Mardin Barosu’nun açıklamasının tamamı şöyle;
“Mardin ilimiz bereketli topraklarıyla tüm ülkemizin hububat karşılayan eşsiz bir tarım bölgesidir. Mardinli Çiftçi kardeşlerimizin alın terleri ile sulanan bu topraklarda yetişen tüm ürünler ülkenin dört bir yanına can olmakta aş olmaktadır. Covid-19 pandemi nedeni ile dünyanın her yerinde üretimin durması veya aksaması riski oluştuğu bu dönemde çiftçilerimizin desteklenmesi elzemdir.
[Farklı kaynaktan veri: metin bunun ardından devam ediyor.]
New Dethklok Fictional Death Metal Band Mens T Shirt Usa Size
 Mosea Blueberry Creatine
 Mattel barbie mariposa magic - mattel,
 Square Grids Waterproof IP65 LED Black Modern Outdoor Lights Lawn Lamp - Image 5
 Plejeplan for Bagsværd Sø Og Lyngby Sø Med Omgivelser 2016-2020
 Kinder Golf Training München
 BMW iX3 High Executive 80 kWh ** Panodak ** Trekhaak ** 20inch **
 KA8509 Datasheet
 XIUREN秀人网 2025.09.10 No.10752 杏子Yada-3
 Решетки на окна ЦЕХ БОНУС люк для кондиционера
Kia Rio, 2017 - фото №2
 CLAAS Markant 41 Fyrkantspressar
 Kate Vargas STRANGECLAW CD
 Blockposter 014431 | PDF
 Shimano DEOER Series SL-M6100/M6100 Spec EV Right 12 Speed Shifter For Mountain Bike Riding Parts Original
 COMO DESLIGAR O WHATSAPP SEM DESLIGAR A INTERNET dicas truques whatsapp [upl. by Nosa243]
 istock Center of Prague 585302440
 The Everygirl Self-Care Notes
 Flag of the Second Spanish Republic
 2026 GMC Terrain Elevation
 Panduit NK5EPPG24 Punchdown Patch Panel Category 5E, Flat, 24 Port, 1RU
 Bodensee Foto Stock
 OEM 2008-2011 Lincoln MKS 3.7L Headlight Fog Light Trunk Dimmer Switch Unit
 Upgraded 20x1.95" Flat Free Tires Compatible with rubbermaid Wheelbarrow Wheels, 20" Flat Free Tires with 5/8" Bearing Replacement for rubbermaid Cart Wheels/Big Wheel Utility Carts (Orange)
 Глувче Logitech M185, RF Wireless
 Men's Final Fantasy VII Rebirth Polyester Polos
Tüm bu risklerin ve üretim sorumluğunun farkında olan Mardinli çiftçilerimiz canla başla bu zor ve pandemi şartlarında üretim yapmaya çalışmaktadırlar. Buna karşın baromuza yapılan müracaatlardan ve bunun üzerine baromuzun yaptığı araştırmalar sonucu, İlimiz Kızıltepe ilçesi’ne bağlı Arıklı, Gökçe, Eskin, Bozhöyük, Başak, Çiçekli ve Derik ilçesi’ne bağlı, Kocatepe, Beşbudak, Soğukkuyu, Çadırlı, Alanlı, Kuyulu, Tepecik, Kovalı mahallerinde ve bunlara bağlı mezralarda DEDAŞ elektrik dağıtım şirketi 14 Mayıs tarihinden beri çiftçilerimizin ve köy yerleşim yerlerinin elektriğini kesmiş bulunmaktadır. Bu nedenle çiftçilerimiz olgunlaşma döneminde olan buğdayı sulayamadığından üretimde kalite ve verim ciddi manada düşmektedir. Bununla birlikte elektrik kesintisi nedeni ile binlerce insanın yaşadığı bu ve daha bir çok köyde yaşamsal öneme sahip içme suyu bulunamamaktadır. Bu durum insanların içme ve kullanma suyunu temin edememesi, hayvancılıkla uğraşanların hayvanlarına su verememesi ve pandemi ile mücadelede her firsatta en etkili yol olarak belirtilen hijyen ve temizlik konusunda çok ciddi sorunlar yaratmaktadır.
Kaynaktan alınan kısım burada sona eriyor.